Là où l’article R.600-4 (issu du Décret n°2013-879 du 1er octobre 2013) prévoyait la possibilité de saisir le juge administratif d’une demande motivée afin qu’il fixe une date à partir de laquelle les moyens nouveaux ne pouvaient plus être invoqués, le nouvel article R.600-5 pose le principe selon lequel les moyens nouveaux ne peuvent plus être invoqués passé un délai de deux mois après la communication du premier mémoire en défense.
Entre temps, l’article R.611-7-1 du code de justice administrative (issu du Décret n°2016-1480 du 2 novembre 2016) avait donné plus grande latitude au juge administratif en prévoyant la possibilité, si l’affaire était en état d’être jugée, de fixer une date à partir de laquelle les moyens nouveaux ne pouvaient plus être invoqués.
Désormais, et par dérogation à l’article précité, la cristallisation des moyens devient automatique. L’office du juge se trouvera de fait simplifié en évitant des débats où les requérants distilleraient de manière épisodique leurs moyens.
 

  • La diminution du délai permettant les recours (tardifs) contre les autorisations d’urbanisme

Lorsque l’affichage de l’autorisation d’urbanisme n’a pas été effectué ou, n’a été effectué que de manière incomplète, le délai de recours de deux mois de l’article R.600-2 ne peut commencer à courir.
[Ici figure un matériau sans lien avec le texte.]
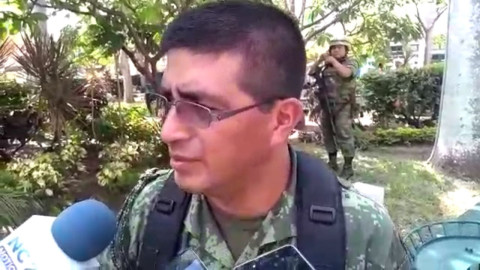 SEDENA oferta 6 vacantes administrativas con sede en Reynosa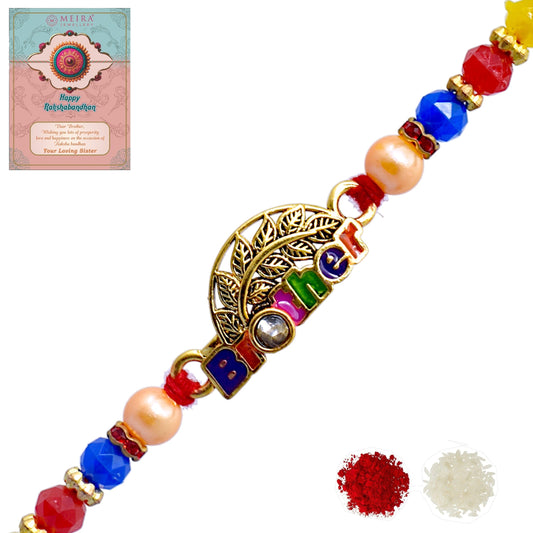 Rakhis,rakhi for brother,rakhi for kids,religious rakhi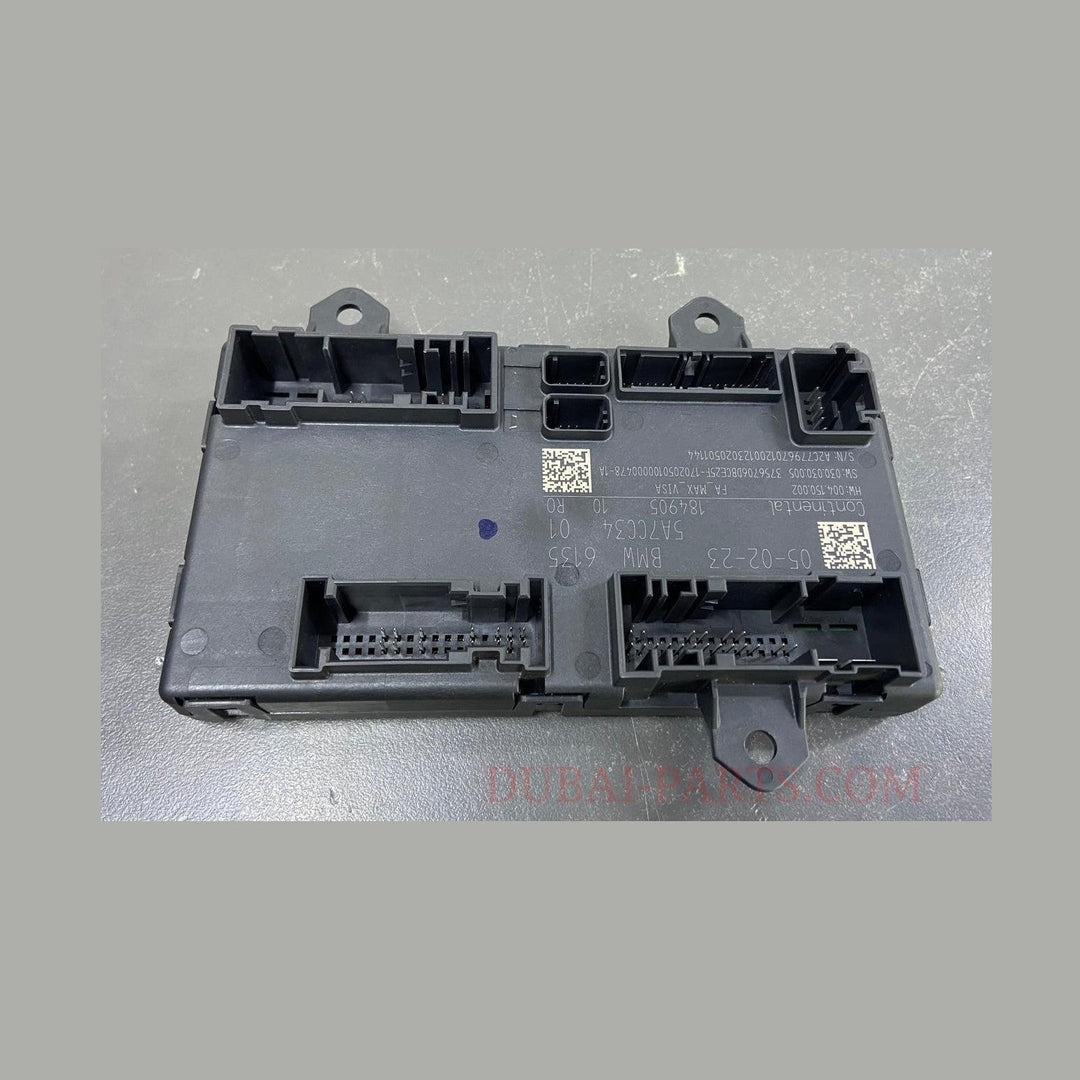 BMW G70 DOOR CONTROL UNIT 5A7CC34 BRAND NEW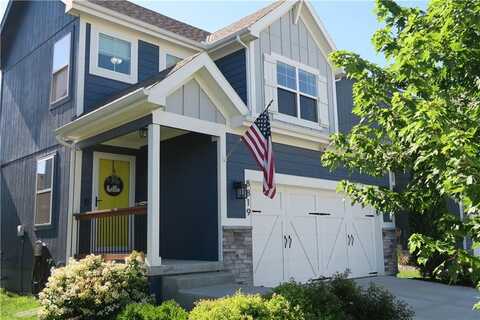 8819 SW 8th Street, Blue Springs, MO 64064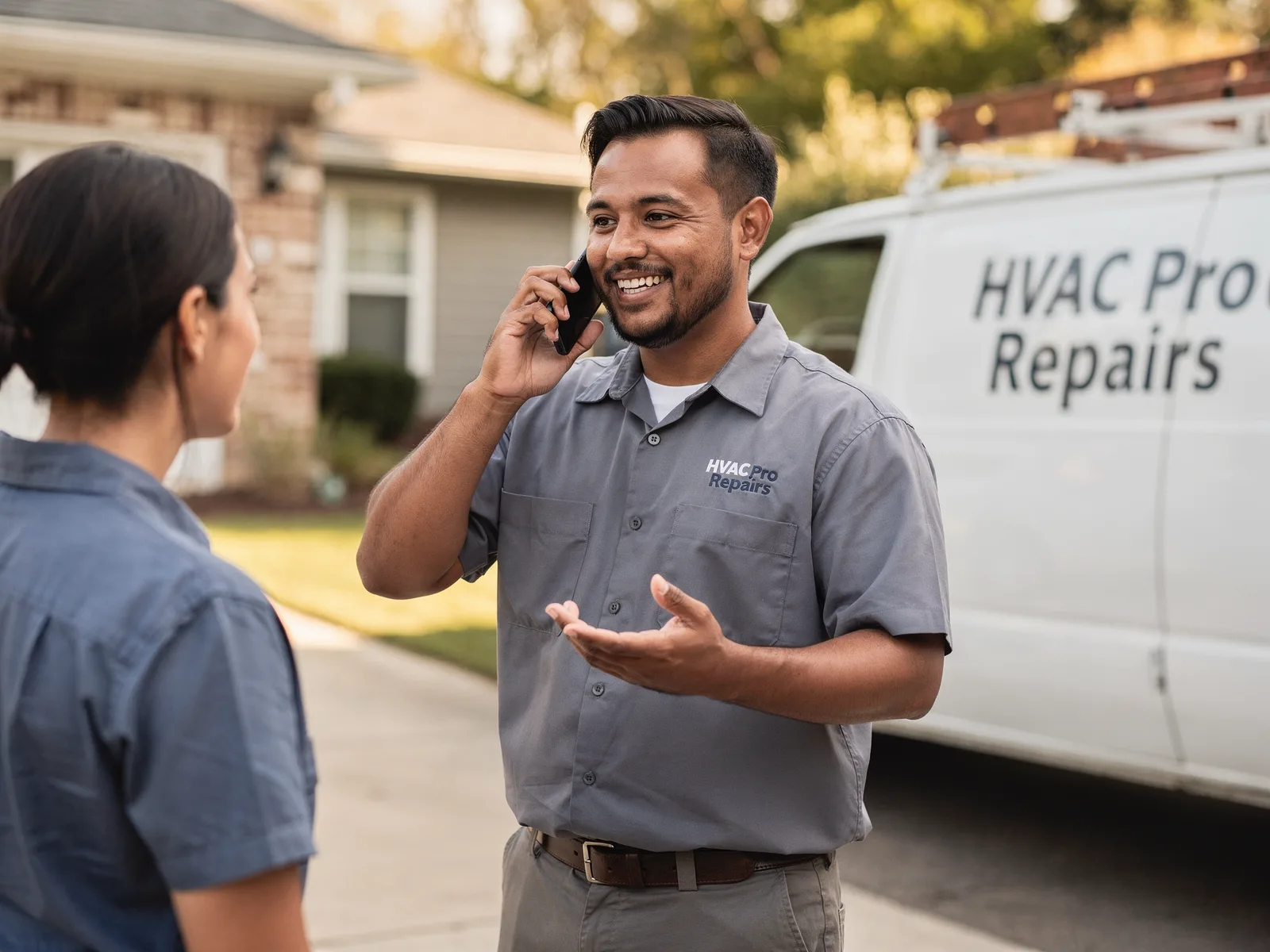 Heat Pump Repair West Finley, PA FAQs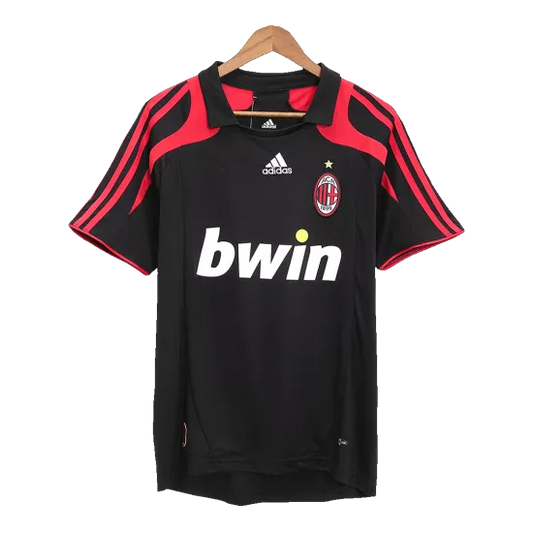 AC Milan 2007/08 Away Jersey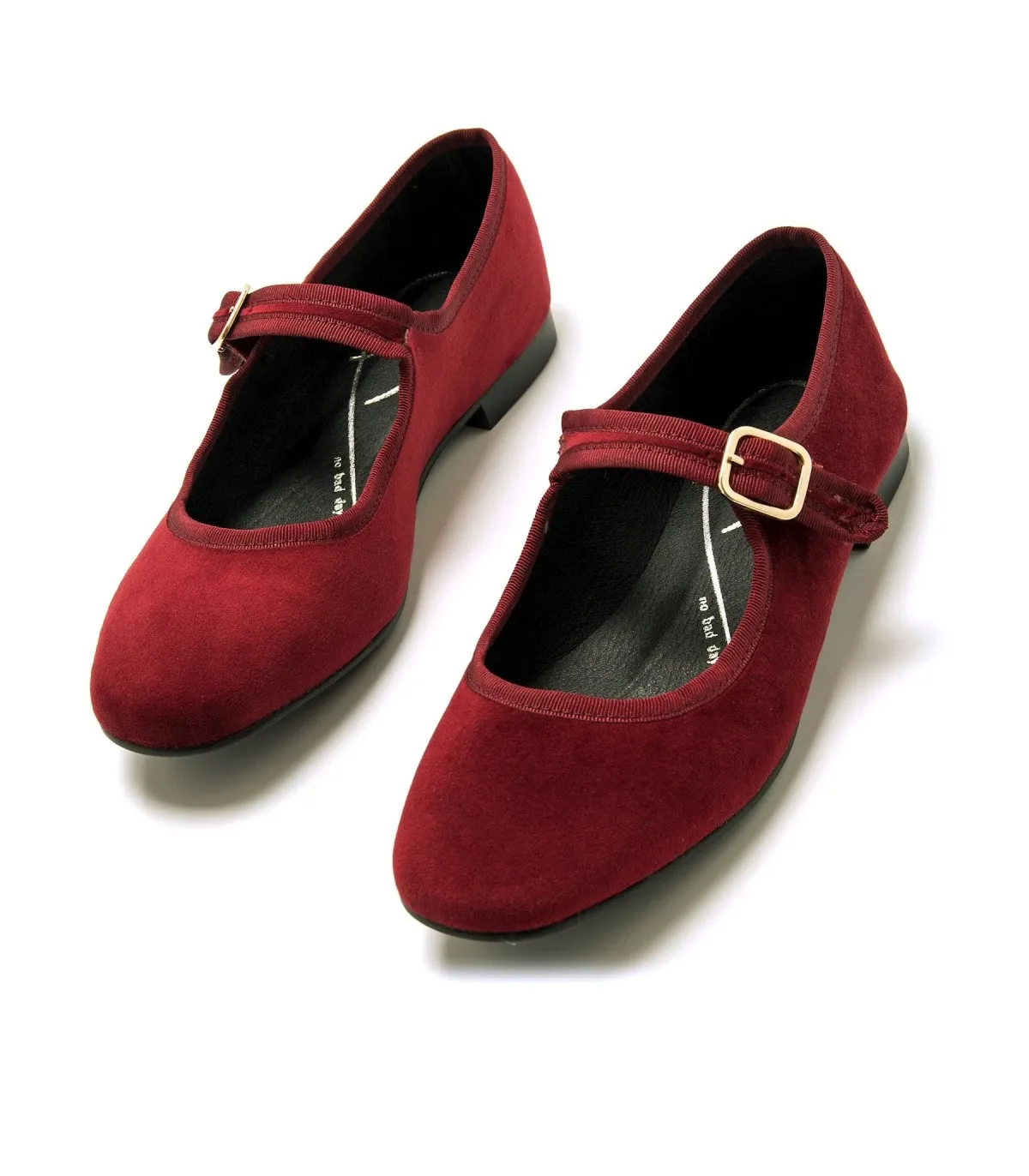 Zapatos Mujer CAMILLE 59371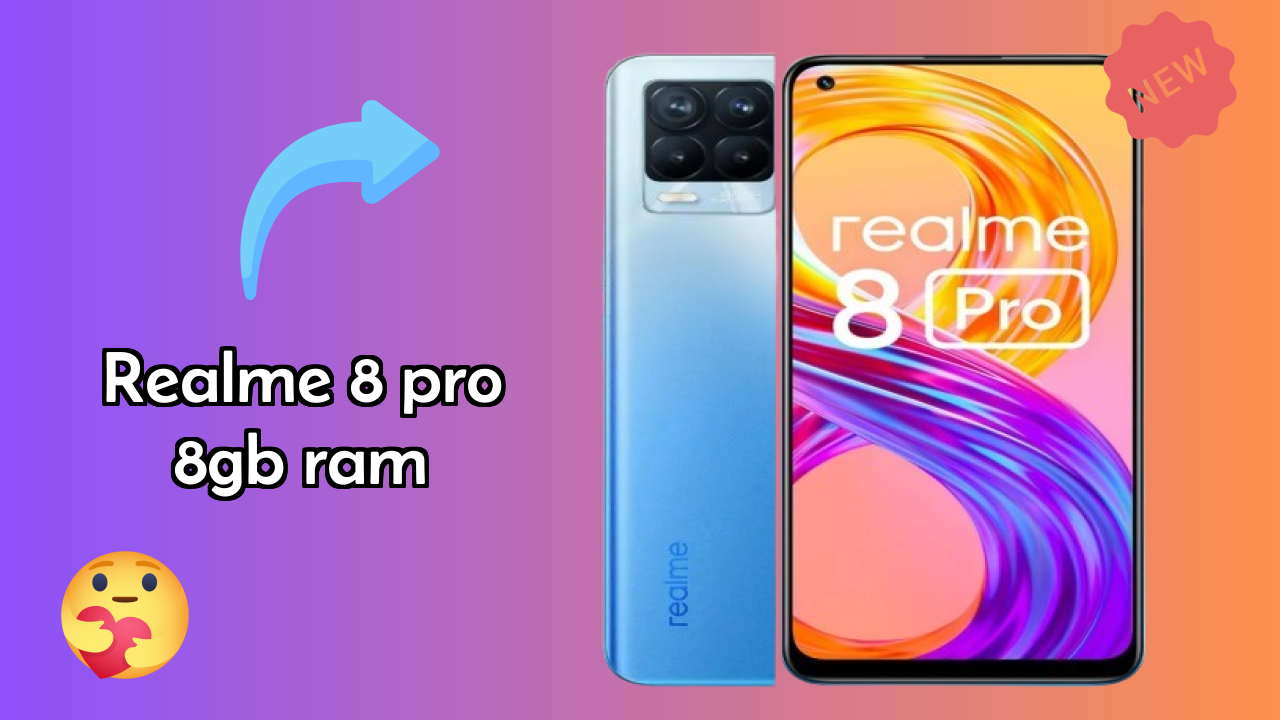 Realme 8 Pro 8GB RAM Camera Review: 108 MP + 8 MP + 2 MP + 2 MP Rear Camera Samples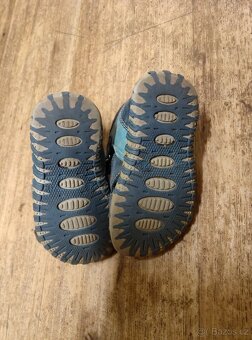 Dětské sandály JONAP vel 23 - 3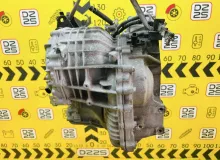 АКПП TOYOTA VANGUARD 2010 3040042010 ACA38W 2AZFE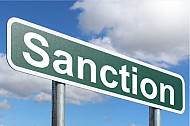 Sanction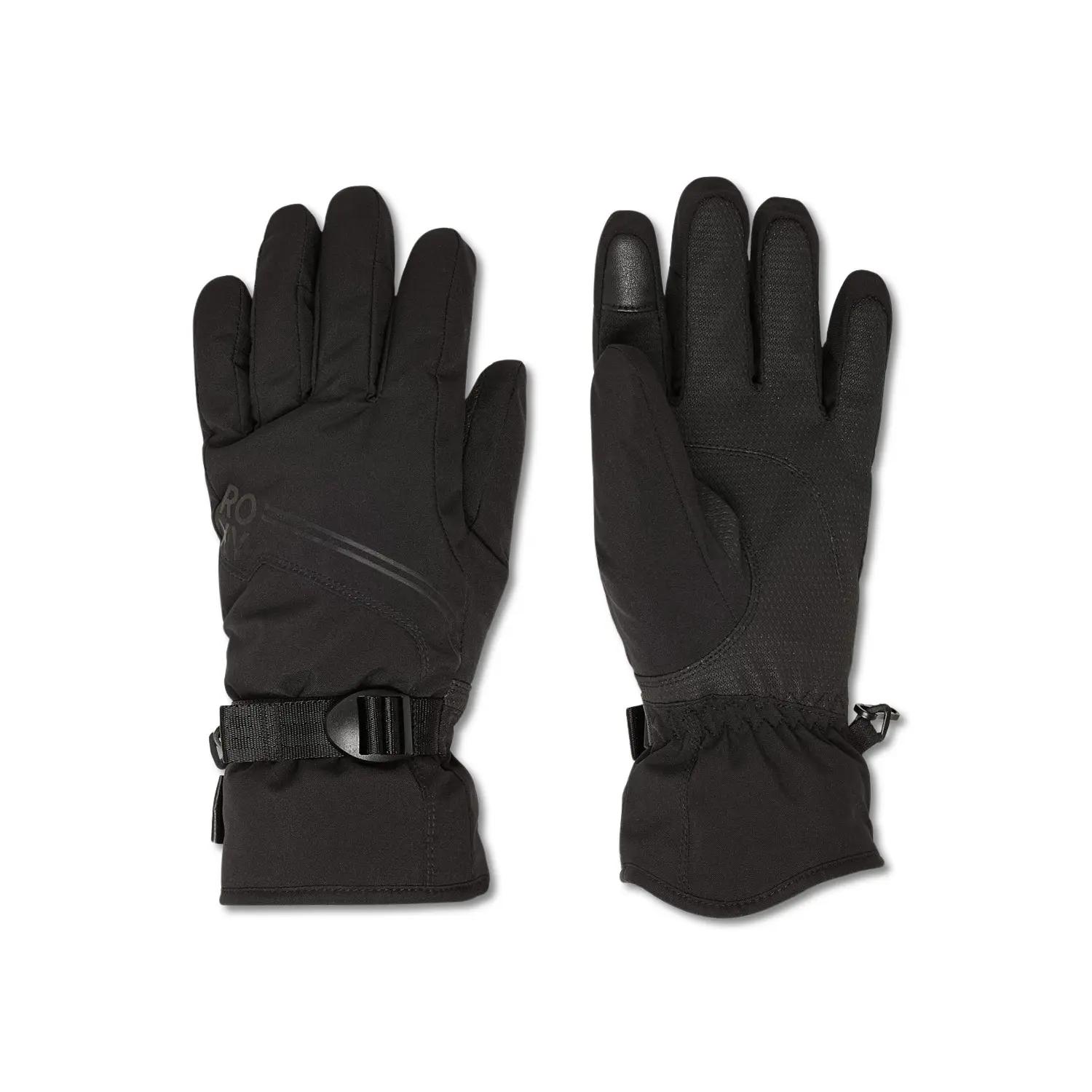 Dames skihandschoenen Roxy Gore Tex Fizz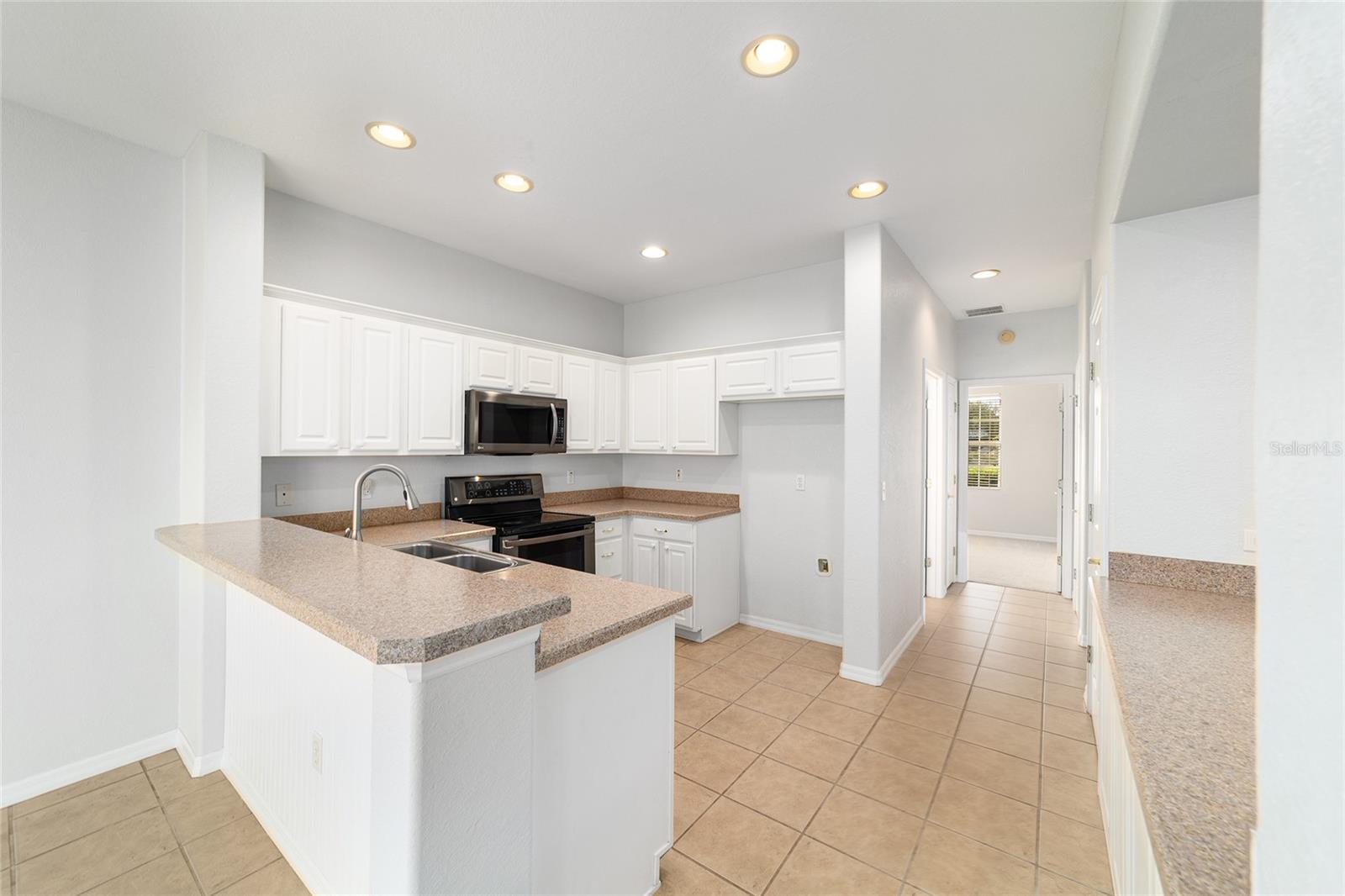 SPRUCE CREEK GC - Residential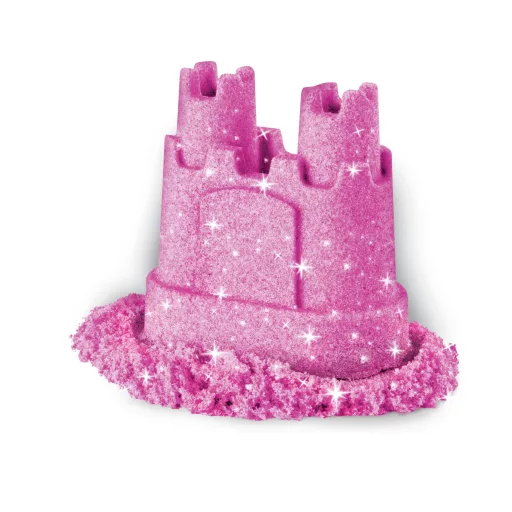 Kinetic Sand 6053520 kézműves játék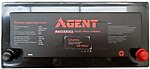 Фото Agent 12V-170Ah (IFM12-1700E2)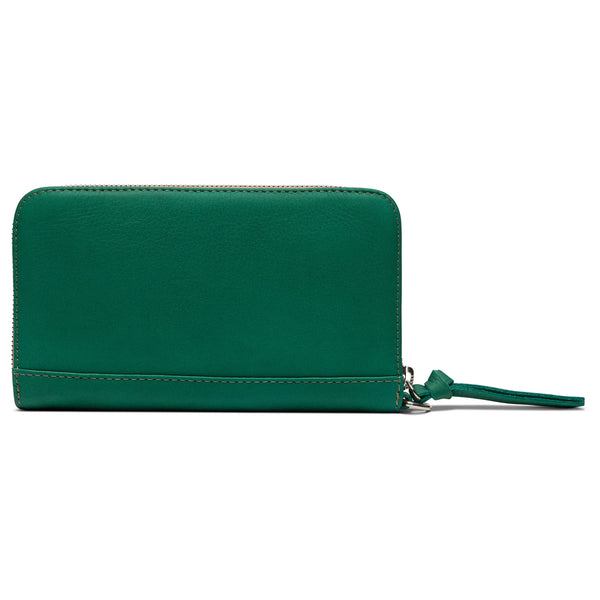 Teal Essential Wallet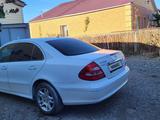 Mercedes-Benz E 280 2007 годаүшін6 000 000 тг. в Сатпаев – фото 4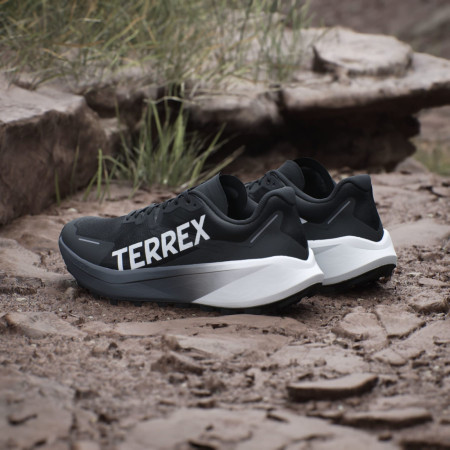 Buty do biegania dla mężczyzn Adidas Terrex Agravic 3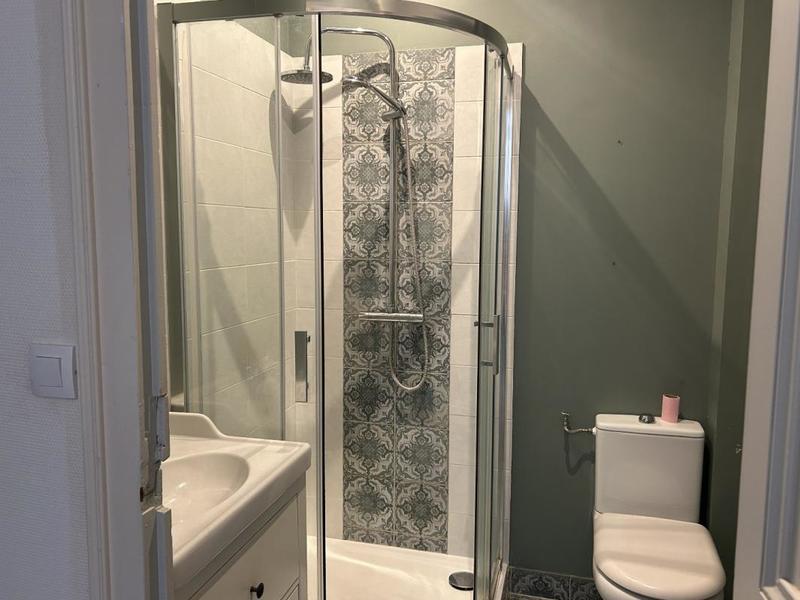 Maison - 135 m² - 4 pièces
De sorte que le recours pourrait théoriquement être engagé sans condition de délai à l’encontre de ladite autorisation.
Reste que la juridiction administrative tient compte de l’impératif « de sécurité juridique, qui implique que ne puissent être remises en cause sans condition de délai des situations consolidées par l'effet du temps ».
(En ce sens : CE 13 juillet 2016 n°387763).
Dans la même dynamique, l’article R.600-3 prévoyait qu’aucune action en vue de l'annulation d’une autorisation d’urbanisme n'est recevable à l'expiration d'un délai d'un an à compter de l'achèvement de la construction ou de l'aménagement.
Ce délai est désormais réduit à 6 mois au même titre que celui prévu par l’article L.600-1 du code de l’urbanisme pour soulever une exception d’illégalité tirée un vice de forme ou de procédure entachant le Plan Local d’Urbanisme.
 

  • La prolongation du mécanisme de suppression de l’appel en zone tendue

Alors que le rapport du 11 janvier 2018 préconisait que soit tiré un bilan de la suppression de l’instance d’appel pour les litiges portant sur une autorisation de construire un logement en zone tendue, le décret a prorogé ce mécanisme jusqu’au 31 décembre 2022.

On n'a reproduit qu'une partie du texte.